Instead, the disclosure to the consumers made plain that the onus was on the consumer to withdraw from the course before the census date if they wished to avoid incurring a debt. The fact that there was disclosure to the consumers, with no finding that the information could not be understood by them, is a further factor against a finding of unconscionable conduct. The primary judge failed to consider this, which was an error.
Section 22(1)(l) – the extent to which the supplier and the customer acted in good faith
Consideration of what it means to act in good faith was addressed in relation to equivalent provisions in the ASIC Act in Paciocco (FC). In that case, Allsop CJ stated at [288]–[290] that:
The usual content of the obligation of good faith … is an obligation to act honestly and with a fidelity to the bargain; an obligation not to act dishonestly and not to act to undermine the bargain entered or the substance of the contractual benefit bargained for; and an obligation to act reasonably and with fair dealing having regard to the interests of the parties (which will, inevitably, at times conflict) and to the provisions, aims and purposes of the contract, objectively ascertained.
None of these obligations requires the interests of a contracting party to be subordinated to those of the other. It is good faith or fair dealing between the parties by reference to the bargain and its terms that is called for, be they both commercial parties or business dealing with consumers. As Posner J said in Market Street Associates Ltd Partnership v Frey 941 F (2d) 588 (1991) the contractual notion of good faith varies in what is required for its satisfaction by reference to the nature of the contract. But the notion is rooted in the bargain and requires behaviour to support it, not undermine it, and not to take advantage of oversight, slips and the like in it. To do so is akin to theft, and if permitted by the law led to over-elaborate contracts, and defensive and mistrustful attitudes among contracting parties. …
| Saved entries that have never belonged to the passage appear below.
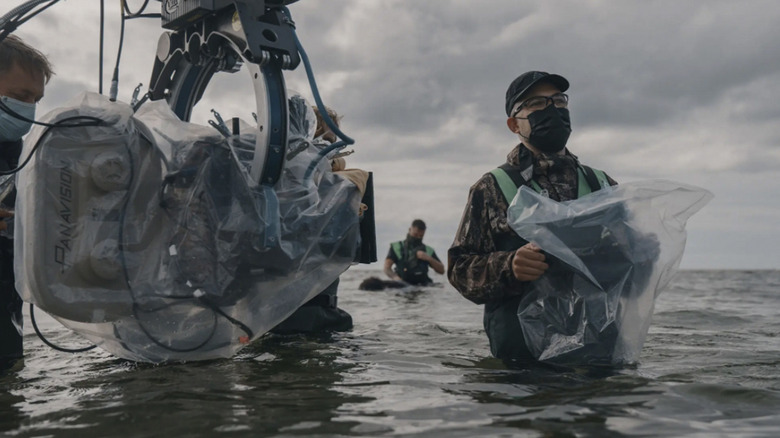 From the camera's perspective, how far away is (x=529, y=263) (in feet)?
11.4

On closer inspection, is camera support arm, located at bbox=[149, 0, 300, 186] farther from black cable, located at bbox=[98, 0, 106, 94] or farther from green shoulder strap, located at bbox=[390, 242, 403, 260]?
green shoulder strap, located at bbox=[390, 242, 403, 260]

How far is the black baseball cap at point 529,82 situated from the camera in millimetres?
3914

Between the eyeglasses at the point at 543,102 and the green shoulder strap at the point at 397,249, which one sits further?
the green shoulder strap at the point at 397,249

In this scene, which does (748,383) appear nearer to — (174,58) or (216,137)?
(216,137)

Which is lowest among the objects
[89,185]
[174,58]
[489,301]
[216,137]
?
[489,301]

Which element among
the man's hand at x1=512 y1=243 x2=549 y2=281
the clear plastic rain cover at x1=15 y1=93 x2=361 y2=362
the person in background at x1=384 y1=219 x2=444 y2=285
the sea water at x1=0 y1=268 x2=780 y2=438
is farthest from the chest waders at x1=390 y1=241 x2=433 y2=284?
the man's hand at x1=512 y1=243 x2=549 y2=281

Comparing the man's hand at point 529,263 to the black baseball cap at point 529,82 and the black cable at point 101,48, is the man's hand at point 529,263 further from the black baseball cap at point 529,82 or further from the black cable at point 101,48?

The standard of fair dealing or reasonableness that is to be expected in any given case must recognise the nature of the contract or relationship, the different interests of the parties and the lack of necessity for parties to subordinate their own interests to those of the counterparty. …
The absence of dishonesty or moral taint is material in determining whether conduct involves such a departure from community standards as to warrant the characterisation that it is unconscionable: see Kobelt per Kiefel CJ and Bell J at [58]–[59].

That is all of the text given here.